Como preguntó sobre los ensayos basados en PCR, trataré de explicar un ensayo de PCR simple para verificar la mutación. Lo mantendré lo más breve posible. No estoy usando ninguna imagen para representar nada. Si no puedes entenderlo, avísame. Entonces intentaré publicar fotos aquí.
Esto lo usamos para validar una mutación conocida en un paciente o un organismo modelo.
Imagine una mutación en un gen de tamaño, digamos 500 pb. Una mutación puede ser una indel, o una sustitución o cualquier cosa.
- ¿Por qué usamos una escalera de ADN?
- ¿Cómo mide nuestro ADN el tiempo?
- ¿Cómo saben los científicos si un par de bases es A, T, C o G?
- ¿Para qué se usan los genes en el ADN?
- ¿El kit de ADN de ascendencia determina su ascendencia reciente o simplemente una ascendencia antigua?

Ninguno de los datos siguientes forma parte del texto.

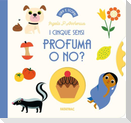 Profuma o no? I cinque sensi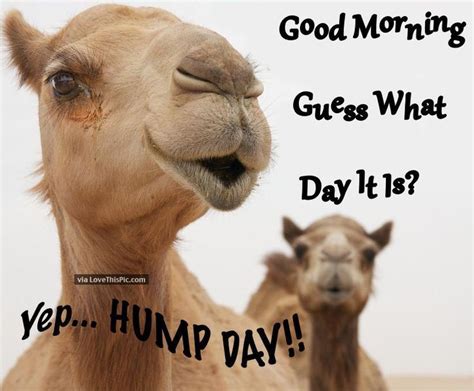 Good Morning Guess What Day It Is. Yep Hump Day! | Funny good morning messages, Morning humor ...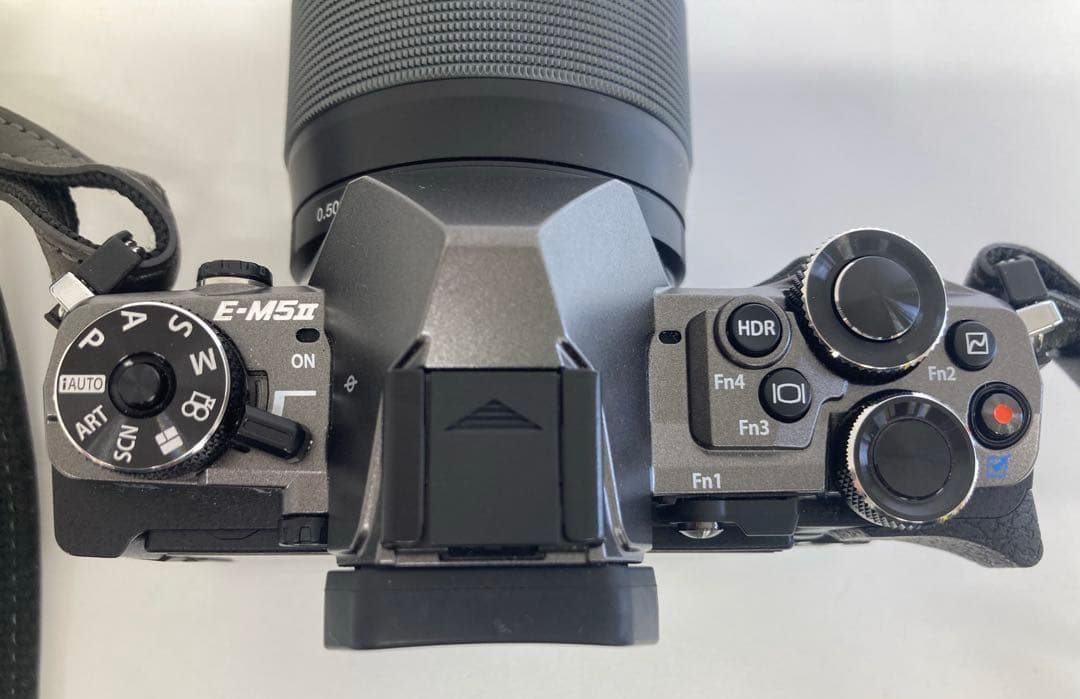 OLYMPUS オリンパスOM-D E-M5II ミラーレス一眼カメラ ブラック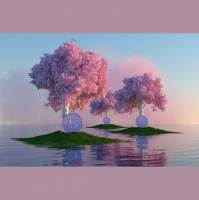 Ep 228 – NFT Catch Up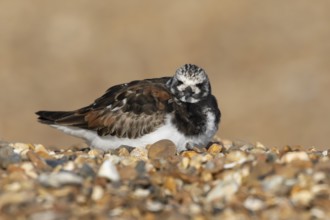 Ruddy turnstone (Arenaria interpres) adult wading bird in summer plumage sitting on a shingle
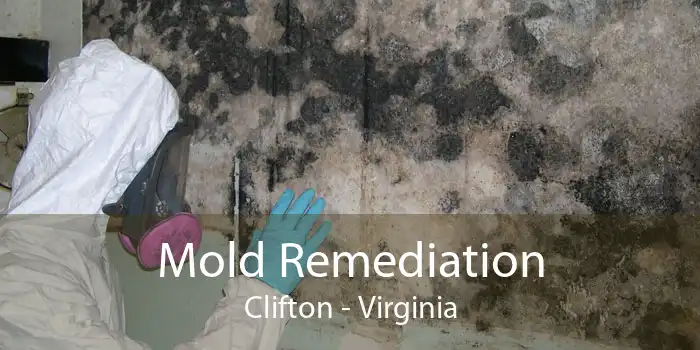 Mold Remediation Clifton - Virginia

Digamos que tenemos una adición de 5 bases en el par de bases 350 en nuestro gen.
Diseñamos 2 juegos de imprimaciones. Un conjunto de cebador interno en los extremos del gen; el otro, cebadores externos alrededor del sitio de mutación en el gen (que abarca la base 350).
Entonces, cuando se produce la reacción pcr, en la muestra de control, obtendrá 3 bandas con tamaños de 50 pb, 350 pb y 500 pb. Pero en la muestra mutada, uno de los cebadores no puede unirse a la plantilla debido a la adición de 5 pb. Entonces, solo veremos 2 bandas, en lugar de 3 bandas.
Otra forma es hacer solo 3 cebadores. Dos en los extremos del gen y un cebador con las bases mutadas. Entonces, después de pcr, obtendrá solo una banda en la muestra de control porque el tercer cebador con las bases mutadas no puede unirse al ADN WT. Mientras que la muestra positiva para la mutación te dará dos bandas.
Si desea encontrar la mutación, entonces la única opción es a través de la secuenciación. Puede hacer una secuenciación sanger y comparar las secuencias con la de los padres o ir a la secuenciación de la próxima generación.